Artisan incite les entreprises à ne pas augmenter leurs effectifs
Outre les capacités de leurs logarithmes qui donnent à ces entités virtuelles une forte longueur d’avance sur les employés humains, elles coûtent évidemment moins cher à acquérir et à entretenir, et elles sont présentées comme « de futurs collègues » qui dispenseront les entreprises « d’augmenter leurs effectifs ».
Jusqu’au jour où les dits effectifs se verront montrer la porte…
Le fondateur d’Artisan, Jaspar Carmichael-Jack, n’a que 23 ans. Son souci actuel est de faire disparaître les préjugés négatifs sur les chatbots qui sont très loin de satisfaire les clients dans le cadre du service après-vente et autres interactions des entreprises avec le monde extérieur. Ce qu’il cherche à faire, c’est automatiser, mais en les personnalisant, toutes les tâches extrêmement répétitives de premier contact ou de sollicitation de la clientèle potentielle à grande échelle, qui sont actuellement assurées par des employés « juniors ». S’agissant d’interactions réelles avec des consommateurs effectifs, « le taux d’erreur est généralement trop élevé ; c’est pour cela que les gens ont un sentiment anti-IA », assure-t-il.
De fait, certaines sociétés qui avaient déjà pris le virage IA sont revenus aux méthodes classiques parce que « la qualité souffre », comme le reconnaît le PDG de Klarna, la société suédoise d’affacturage en ligne, qui avait sous-traité son service de relation-clientèle à des robots de la trempe de ChatGPT.
Les humains n’aiment pas les robots IA
Pendant ce temps, des sondages montrent que la plupart des gens n’apprécient pas du tout d’être en relation avec un robot IA dans le domaine du service après-vente : 64 % des personnes interrogées rejettent l’idée totalement et 60 % craignent que la présence d’un robot dans la boucle des interactions ne les empêche définitivement d’avoir la possibilité de parler avec un être humain.

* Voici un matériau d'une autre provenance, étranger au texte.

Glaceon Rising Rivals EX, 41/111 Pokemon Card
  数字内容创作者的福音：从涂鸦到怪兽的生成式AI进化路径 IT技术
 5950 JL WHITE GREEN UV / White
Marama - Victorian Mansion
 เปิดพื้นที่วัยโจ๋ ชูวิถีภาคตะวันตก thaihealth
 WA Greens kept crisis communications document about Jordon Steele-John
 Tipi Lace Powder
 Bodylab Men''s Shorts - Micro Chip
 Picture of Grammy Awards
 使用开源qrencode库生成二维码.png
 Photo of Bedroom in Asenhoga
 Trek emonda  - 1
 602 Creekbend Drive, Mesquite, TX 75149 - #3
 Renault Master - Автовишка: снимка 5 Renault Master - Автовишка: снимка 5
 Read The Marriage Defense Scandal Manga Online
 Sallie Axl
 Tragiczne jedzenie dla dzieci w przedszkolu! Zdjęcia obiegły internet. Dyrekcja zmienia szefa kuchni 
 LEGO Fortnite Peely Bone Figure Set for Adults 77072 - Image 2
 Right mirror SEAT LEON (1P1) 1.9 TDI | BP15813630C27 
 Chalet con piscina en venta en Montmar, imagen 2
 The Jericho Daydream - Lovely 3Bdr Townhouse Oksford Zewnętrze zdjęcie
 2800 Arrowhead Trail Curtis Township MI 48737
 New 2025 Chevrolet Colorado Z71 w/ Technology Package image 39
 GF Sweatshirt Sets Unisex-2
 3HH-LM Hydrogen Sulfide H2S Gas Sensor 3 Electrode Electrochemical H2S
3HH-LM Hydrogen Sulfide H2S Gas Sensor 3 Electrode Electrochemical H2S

Mensonges, langage grossier, invention pure et simple de politiques d’entreprise inexistantes pour justifier des erreurs comme c’est arrivé pour Air Canada l’an dernier ne sont que quelques exemples de ratages dans le domaine. Si bien que la tendance actuelle est de renoncer au projet en ce sens : un sondage réalisé par Gartner cette année ainsi montré que la moitié des entreprises qui comptaient passer au service automatisé des interactions avec les clients ont finalement décidé d’en rester aux humains – ne serait-ce que parce que les clients ont clairement fait comprendre qu’il privilégieraient des sociétés où ils seraient assurés d’avoir affaire à des interlocuteurs véritables.
Bientôt des agents IA, annonce Artisan : pour singer l’homme ?
Mais l’intelligence artificielle se développe à grande et même à très grande vitesse : aujourd’hui on parle d’« agents » IA qui vont pouvoir rapidement assumer des tâches de plus en plus complexes, et même prendre des décisions : par exemple, mettre en place un remboursement au profit d’un client mécontent.
Chez Artisan, on cherche à équiper les robots IA de la capacité de « raisonnement » – ce qui n’est pas, loin s’en faut, équivalent à une véritable intelligence, mais pourrait assurer des résultats moins aberrants et des services plus complets.
Carmichael-Jack est assez sûr de lui pour prédire que d’ici à quelques années, les clients aimeront mieux être en contact avec une IA ou qu’avec des employés de centres d’appel « offshore » : « Ils préféreront parler avec un agent IA et s’agaceront d’être mis en relation avec un être humain. »
Vous avez dit grand remplacement ?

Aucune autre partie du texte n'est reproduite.